Consecrated to the Heart of the Redeemer under the patronage of the Theotokos and Fr. Gerard Manley Hopkins, S.J.

13 February 2014

Promises, Promises Can Just Transform Your Life

In an internet feature called "Throwback Thursday," I decided to post a paper that the former secretary of my home parish sent to my Mom a few years ago. She must have been going through some old records when she found this chestnut:


This was a really good find, both for the nerdy picture (dig the size of those spectacles!) and for the personal historical value.

For whatever reason my father and Confirmation sponsor (my paternal grandfather, William J. Zelonis, affectionately known by his coworkers as "Bill Zee" and his grands as "Grump") never signed it. 

Dad really stayed in the proverbial back seat with characteristically quiet support. His vocational advice was very simple: "You got a good head on your shoulders. You don't have to bust your ___ like I did." "Just as long as you don't do anything immoral." Works for me.

People's comments have been understandably favorable. One person, who is deeply involved in promoting the Church's missionary activity, called it a "timely Valentine to the Holy Spirit." My gears started grinding.

First, it reminded me of this martyrous meme:
Yep
The Holy Spirit, given initially at Baptism and fully in Confirmation, galvanizes the human spirit to live the primary vocation to holiness. Our cooperation with that Gift entails the promises I made in that declaration: prayer, kindness, seeking intimacy with God, seeking ways to witness to Christ before others.

I have at times been far from faithful to those promises. I dare not claim my vocation to the priesthood as proof of anything--except, perhaps, God's "proof of purchase." While I may piously refer to myself as His slave, and identify myself in terms of the Lord's commitment to me and mine to Him (cf. Song 6:3), I remain dreadfully free to set it aside in favor of lesser loves.

So for couples who identify themselves with each other: they cannot rest on the laurels of their identification. They must engage in the daily sacrificial proofs of love. For the bishop Saint Valentine, love for Christ eventually meant the gift of his life. "No one takes my life away from me; I lay it down freely" (Jn 10:18).

This total gift of self, this further specification of the baptismal call to sanctity, finds expression in marriage, vowed religious life, ordination, or consecrated virginity. People may apply themselves to certain worthy occupations in a way that resembles that total gift, which is valid as far as it goes; but one's vocation as such pertains to the harnessing of love's energies and the itemized investment of our spiritual and temporal resources. This calling--a mystical mixture of God's ideas and ours, God's initiative and our response--it can hurt, it can fulfill.

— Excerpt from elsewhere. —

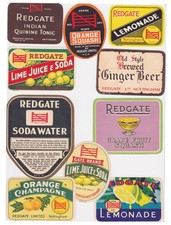 10 vintage/original Mineral Water labels from Redgate&rsquo;s of Nottingham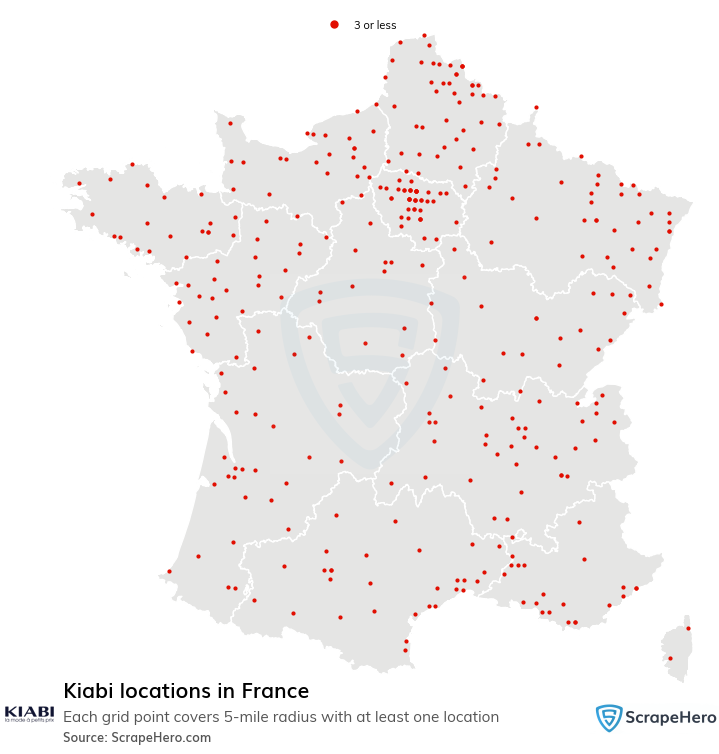 Map of Kiabi locations in France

I was confirmed in 1988 by the Most Reverend Thomas J. Welsh. Six years later he would accept me as a seminarian for the Diocese of Allentown. He would live to see me ordained a priest, he would preside in choir at my father's funeral, and I would concelebrate his funeral Mass.

1988 was a banner year in my life, aside from my Confirmation. Like many public schoolers who attended CCD/PREP I couldn't wait to stop going to classes. This was strange, because I enjoyed learning about my Catholic faith. Perhaps it was the extra allotment of time on a Wednesday night.

To solve that (not really; it was a discrete decision) I enrolled in the local Catholic school. That fact, as I have written in previous posts, really opened me to love of my religion and to an interest in spirituality and service. Now I had religion classes every day. Now I could play the organ for school Masses and serve funerals. 

In eighth grade I became a "mission rep": the school's student representative to the diocesan Holy Childhood Association, now called the Missionary Childhood Association. While I never considered devoting my life to the service of the poor in other countries, I appreciate how they told us we were all missionaries by virtue of our baptism.

I retain a number of friends from that time in my life. One of them just found that Valentine martyr meme. We can still talk honestly and charitably about religious, spiritual, and cultural matters. I have assisted, and even officiated, at the weddings of some.

It is rather consoling to know that the promises made at Confirmation, at an admittedly insane point in the life of most recipients, can be increasingly activated over the years, perhaps to blossom in a life acutely conscious of the reality and relevance of God.